My ex heard that from her mom all the time, I think it put a strain on everything.
This is why I’m so disappointed in my own mother. She can’t see me as her daughter first, atheist second. I refuse to argue with her about who has the correct world view, as that is pointless. But anytime I try to have a respectful conversation about why we need to treat each other with civility, how atheists are people too and we deserve a government that doesn’t discriminate against us, she defaults to the position of hate. She covers her ears like a school kid shouting “naa naa naa.”
Write everything you have/want to say in a letter, maybe? I’ve seen that things like that sometimes help people in similar situations a lot.
I got the exchange on the left twice from my parents: first when I came out gay, then when I came out atheist. They wanted to pray for me both times, first so that God could “heal” me, and then so that God would show himself to me. Of course, when it became clear that the emotional manipulation wouldn’t work any more, they condemned me as a rebellious, arrogant sinner. My dad bellowed, “Do you WANT to go to hell?”
Christian “love” my ass.
My parents are a example of the good kind of Christian love. When I first came out as trans*, they were confused at first (naturally), but were supportive. It was only about 7 years later, on a visit to them, at a dinner table conversation that they quietly stated their opinion that they thought is was wrong to be trans, but they stressed that they loved me unconditionally and accepted me as I am.
In the eleven years since I came out, that was the only time they ever expressed any opposition.
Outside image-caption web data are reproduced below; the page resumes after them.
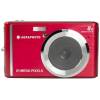 Agfaphoto DC5200 Red AG-DC5200-RD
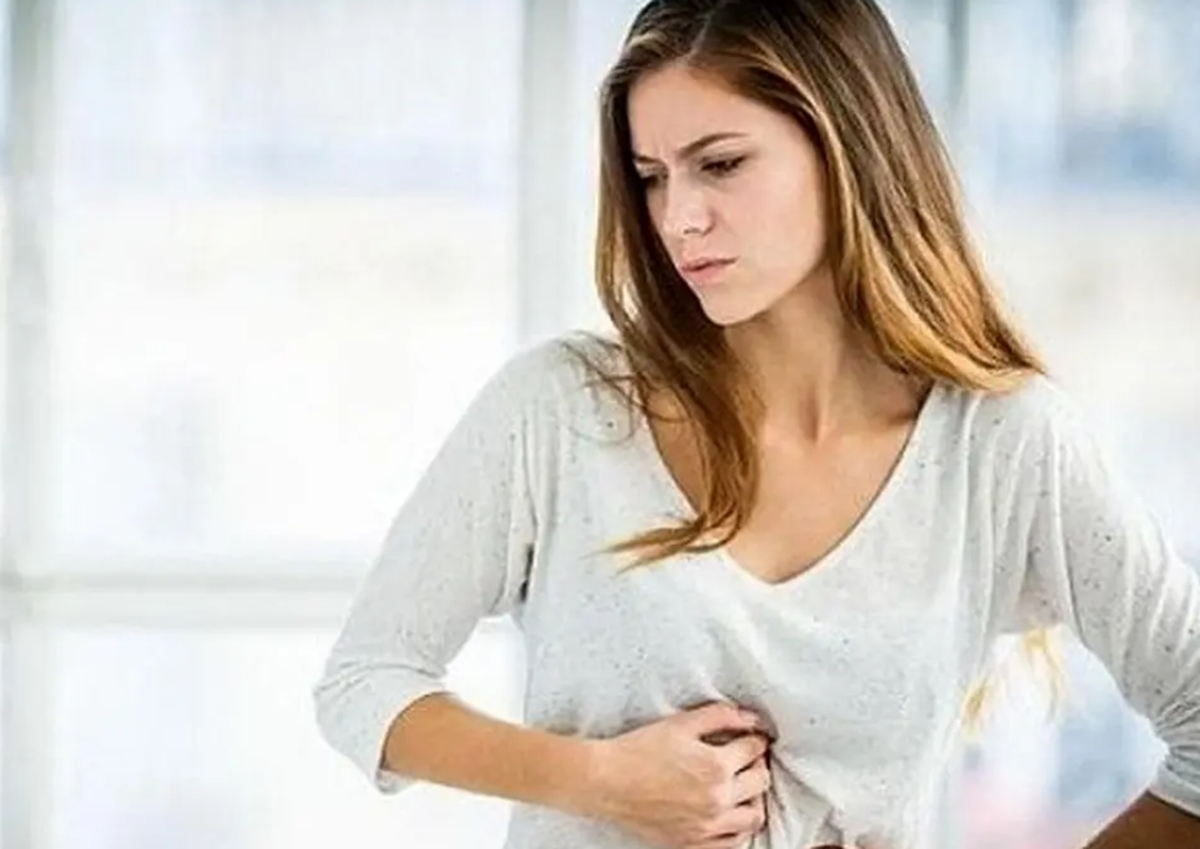 عادت‌های غذایی چه نقشی در بروز اختلالات گوارشی دارند؟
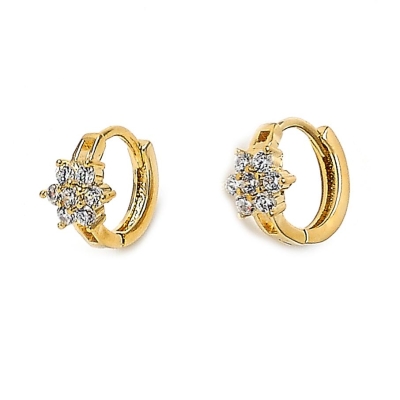 023588 - 5.131.017 | Hoops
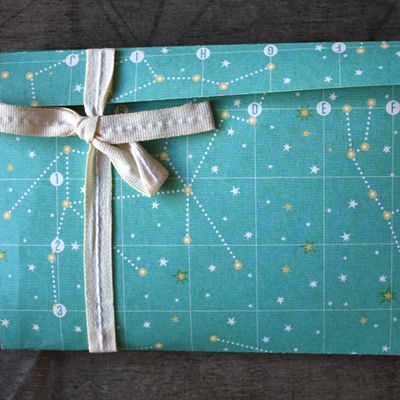 1 été, 3 destinations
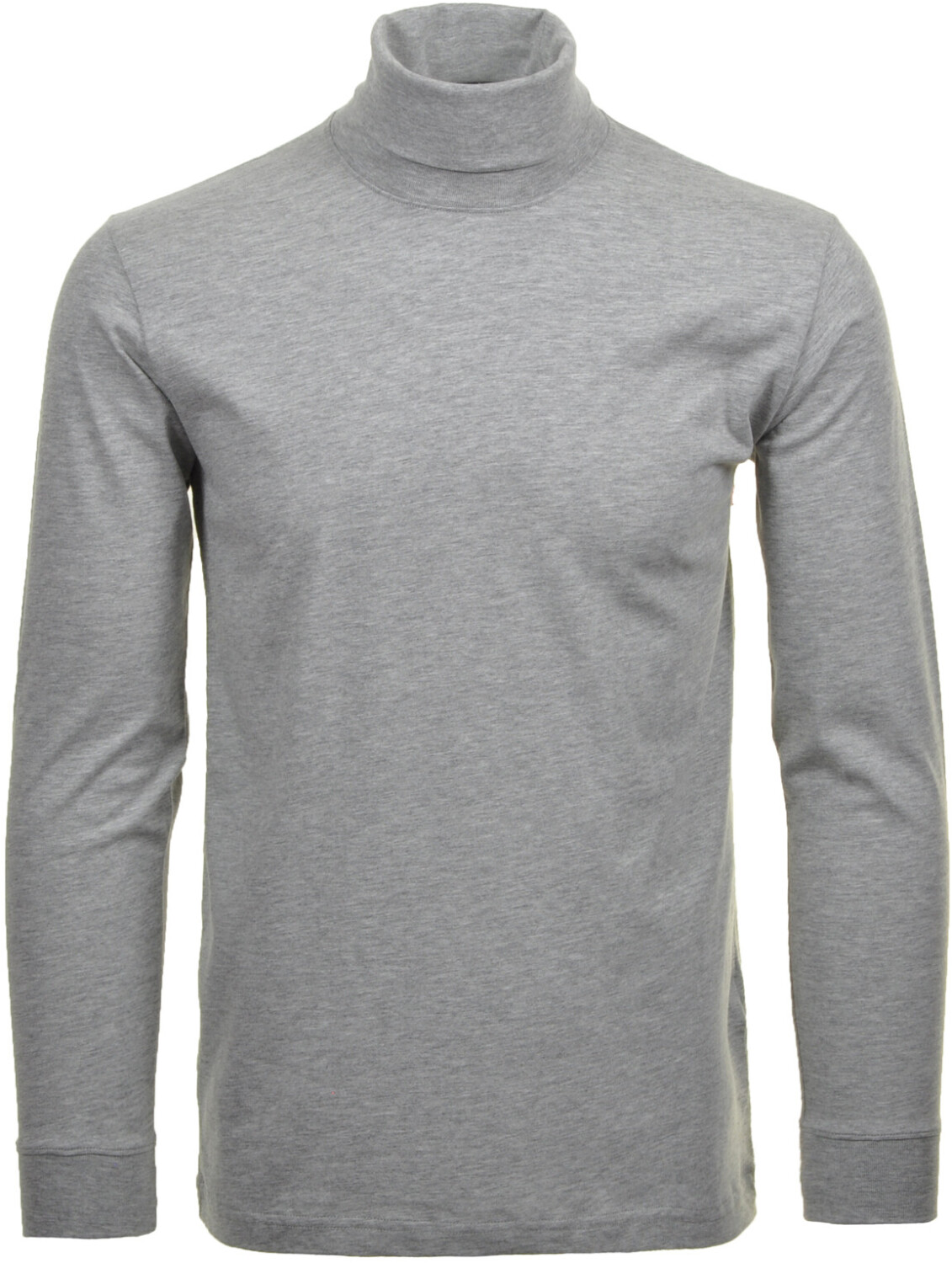Ragman 40170-012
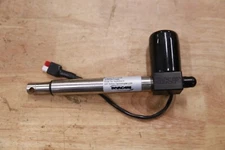 Invacare 1110725 Power Chair Leg Rest Actuator, Motor SKF Motion Technologies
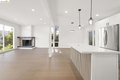 Additional image 14 of 3409 Wyman St, Oakland, CA, 94619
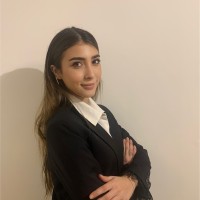 Kristianna Beta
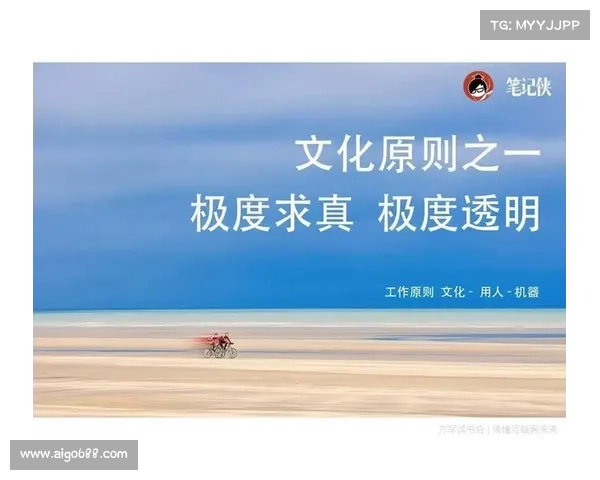 哥辣评独特视角解读当下社会热点话题与文化现象的深度分析 哥辣评独特视角解读当下社会热点话题与文化现象的深度分析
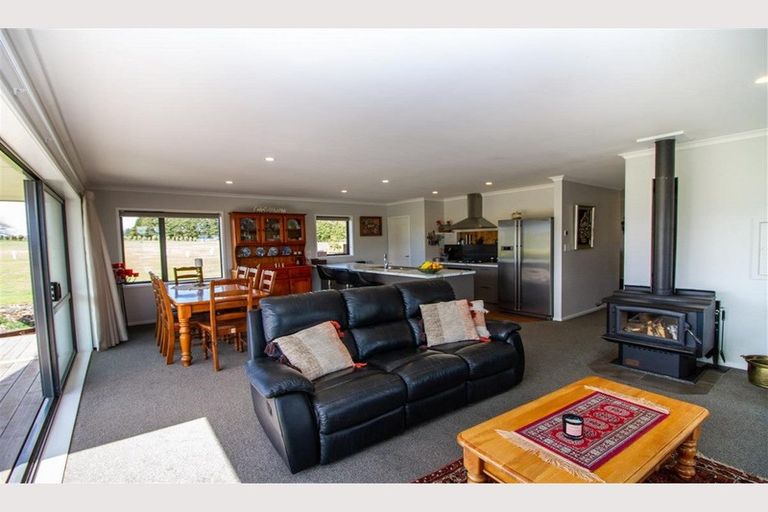 Photo of property in Whalefield Estate, 14/76 Ruapehu Road, Ohakune, 4625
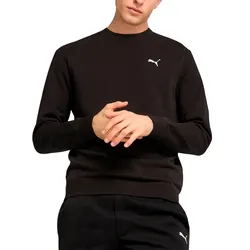 Buzo Puma Essentials Crew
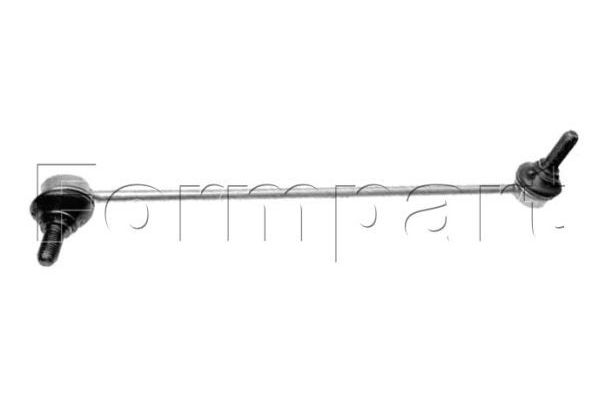 Viraj Demir Askı Rotu Ön Sağ Audi S3 (8L)(11.1998->)  VOTTO 26-08401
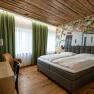 Gästezimmer, © Fam. Teufelsbauer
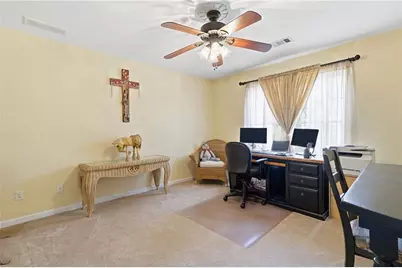 3680 Morning Crest Way, Cumming, GA 30041 - Photo 43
Contrast that to my siblings who, as soon as I came out to them sent me weepy notes about how I was “breaking their heart” and while I thought this would make me happy they insisted it out only lead to a life of “woe and despair”.
On the other hand, all 5 of my Mennonite aunts have been vocally supportive, sending me flowers and “coming out” greeting cards. One even switched churches to one that was LGBT affirming because of me. Another was inspired by me to come out herself as lesbian at the age of 65.